Revealing the characteristics of supported Ni-Mn based mixed metal oxide catalysts: Operando insights into their activation and CO2 methanation behavior

Power-to-gas technologies, such as CO₂ methanation, enable to mitigate man-made climate change. For this process to be viable, it is essential to use an active, selective and stable catalyst. This study addresses these requirements by creating a novel Ni-Mn_yO_x/Al₂O₃ (0 ≤ y ≤ 1) catalyst that uses Mn not as a dopant but creates a joined Ni-Mn mixed metal oxide (MMO) phase on a Al₂O₃ support. To identify the ideal composition, we compare different Mn contents y from 0 to 1 and determine an Mn/Ni ratio of 0.375 as the minimum for the formation of the supported Ni-Mn MMO phase. Compared to the self-synthesized, literature-based state-of-the-art type NiO_x/Al₂O₃ based CO₂ methanation catalysts the Ni-Mn MMO based catalysts achieve about 30 % higher Ni specific methane formation rates. We carefully characterize the catalysts phase composition, surface area, active metal surface area, reducibility, surface basicity and elemental analysis. Additionally, we present a detailed in situ X-ray absorption spectroscopy (XAS) study and phase characterization on the reduction process for catalytic activation of the calcined catalysts to draw conclusions on the final activated state.

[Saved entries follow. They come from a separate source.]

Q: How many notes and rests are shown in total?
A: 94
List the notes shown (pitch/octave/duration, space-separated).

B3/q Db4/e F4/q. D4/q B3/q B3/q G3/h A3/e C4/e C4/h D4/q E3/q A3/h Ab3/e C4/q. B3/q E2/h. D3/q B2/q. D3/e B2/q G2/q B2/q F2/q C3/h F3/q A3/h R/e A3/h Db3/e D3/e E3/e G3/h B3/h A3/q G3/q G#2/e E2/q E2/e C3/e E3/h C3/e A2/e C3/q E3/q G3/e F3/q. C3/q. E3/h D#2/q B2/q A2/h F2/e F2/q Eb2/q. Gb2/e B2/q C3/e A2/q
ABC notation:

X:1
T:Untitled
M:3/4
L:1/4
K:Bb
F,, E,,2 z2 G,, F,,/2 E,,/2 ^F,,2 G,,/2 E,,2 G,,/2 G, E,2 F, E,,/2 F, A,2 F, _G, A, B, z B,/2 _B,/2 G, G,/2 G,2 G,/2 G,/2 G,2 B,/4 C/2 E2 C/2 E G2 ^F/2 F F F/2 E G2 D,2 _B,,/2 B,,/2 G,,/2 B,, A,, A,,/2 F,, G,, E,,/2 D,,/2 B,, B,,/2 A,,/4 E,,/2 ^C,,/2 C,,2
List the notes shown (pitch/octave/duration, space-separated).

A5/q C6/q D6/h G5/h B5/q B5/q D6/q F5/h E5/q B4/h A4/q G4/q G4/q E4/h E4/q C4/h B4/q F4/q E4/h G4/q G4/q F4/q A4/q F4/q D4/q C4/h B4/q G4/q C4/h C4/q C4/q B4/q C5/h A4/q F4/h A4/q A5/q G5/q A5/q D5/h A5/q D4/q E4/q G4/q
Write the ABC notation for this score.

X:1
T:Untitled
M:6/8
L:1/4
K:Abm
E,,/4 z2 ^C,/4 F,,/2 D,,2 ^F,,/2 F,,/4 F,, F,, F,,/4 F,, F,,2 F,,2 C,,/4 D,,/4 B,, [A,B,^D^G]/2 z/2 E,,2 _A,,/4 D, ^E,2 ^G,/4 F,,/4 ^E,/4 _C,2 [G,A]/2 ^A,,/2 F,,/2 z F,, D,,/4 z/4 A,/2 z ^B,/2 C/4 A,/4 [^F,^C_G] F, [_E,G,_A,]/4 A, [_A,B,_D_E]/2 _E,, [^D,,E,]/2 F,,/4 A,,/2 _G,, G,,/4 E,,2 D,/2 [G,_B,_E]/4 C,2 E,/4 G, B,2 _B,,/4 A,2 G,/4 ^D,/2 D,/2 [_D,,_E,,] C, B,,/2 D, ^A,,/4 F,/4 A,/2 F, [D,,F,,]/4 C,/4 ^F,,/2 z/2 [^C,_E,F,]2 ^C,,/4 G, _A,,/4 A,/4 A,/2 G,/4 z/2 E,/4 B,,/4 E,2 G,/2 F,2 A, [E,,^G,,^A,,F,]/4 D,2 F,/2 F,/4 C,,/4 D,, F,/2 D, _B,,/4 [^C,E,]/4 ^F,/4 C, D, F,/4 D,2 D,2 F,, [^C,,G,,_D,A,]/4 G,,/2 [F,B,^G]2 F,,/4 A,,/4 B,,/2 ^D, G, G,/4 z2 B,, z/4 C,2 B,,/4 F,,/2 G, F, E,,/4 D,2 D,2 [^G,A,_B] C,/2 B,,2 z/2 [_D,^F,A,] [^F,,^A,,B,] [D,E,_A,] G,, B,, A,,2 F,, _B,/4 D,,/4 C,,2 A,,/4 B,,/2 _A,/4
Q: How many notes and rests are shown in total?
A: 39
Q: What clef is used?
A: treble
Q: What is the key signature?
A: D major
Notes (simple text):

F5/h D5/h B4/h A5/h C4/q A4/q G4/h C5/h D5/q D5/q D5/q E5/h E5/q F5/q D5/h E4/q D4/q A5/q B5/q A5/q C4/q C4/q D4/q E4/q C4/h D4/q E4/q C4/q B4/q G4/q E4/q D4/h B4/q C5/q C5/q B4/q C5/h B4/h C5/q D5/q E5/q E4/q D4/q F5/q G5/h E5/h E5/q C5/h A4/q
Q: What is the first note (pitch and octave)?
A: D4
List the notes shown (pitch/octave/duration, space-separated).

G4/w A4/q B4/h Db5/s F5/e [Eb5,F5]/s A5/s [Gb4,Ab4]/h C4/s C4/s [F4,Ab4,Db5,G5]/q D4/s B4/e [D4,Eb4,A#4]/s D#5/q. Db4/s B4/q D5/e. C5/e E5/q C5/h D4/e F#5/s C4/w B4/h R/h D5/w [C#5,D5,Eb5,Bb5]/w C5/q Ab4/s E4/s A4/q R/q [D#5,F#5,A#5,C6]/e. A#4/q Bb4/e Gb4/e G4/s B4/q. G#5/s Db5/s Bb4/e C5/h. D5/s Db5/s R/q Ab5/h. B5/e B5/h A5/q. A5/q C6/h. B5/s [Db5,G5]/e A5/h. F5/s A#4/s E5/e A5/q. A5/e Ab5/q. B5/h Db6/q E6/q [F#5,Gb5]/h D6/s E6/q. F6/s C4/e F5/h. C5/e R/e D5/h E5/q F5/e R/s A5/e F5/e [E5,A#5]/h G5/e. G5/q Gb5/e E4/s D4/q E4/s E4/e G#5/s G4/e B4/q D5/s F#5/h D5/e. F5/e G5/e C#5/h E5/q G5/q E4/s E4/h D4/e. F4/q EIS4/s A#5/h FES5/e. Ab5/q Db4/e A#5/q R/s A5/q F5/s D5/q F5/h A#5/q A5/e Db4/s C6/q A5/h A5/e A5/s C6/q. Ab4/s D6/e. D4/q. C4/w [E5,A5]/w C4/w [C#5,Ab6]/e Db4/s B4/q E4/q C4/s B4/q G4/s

It was shown that the Ni-Mn mixed metal oxide phase changes upon activation into metallic Ni supported on a Ni-depleted Ni-Mn MMO phase. Additionally, the behavior of both catalysts under reaction conditions was investigated using operando XAS, phase analysis and Diffuse Reflectance Infrared Fourier Transform Spectroscopy. Based on this, a tentative reaction mechanism was proposed which includes the possibility of additional CO₂ activation pathways on the Ni-Mn MMO phase.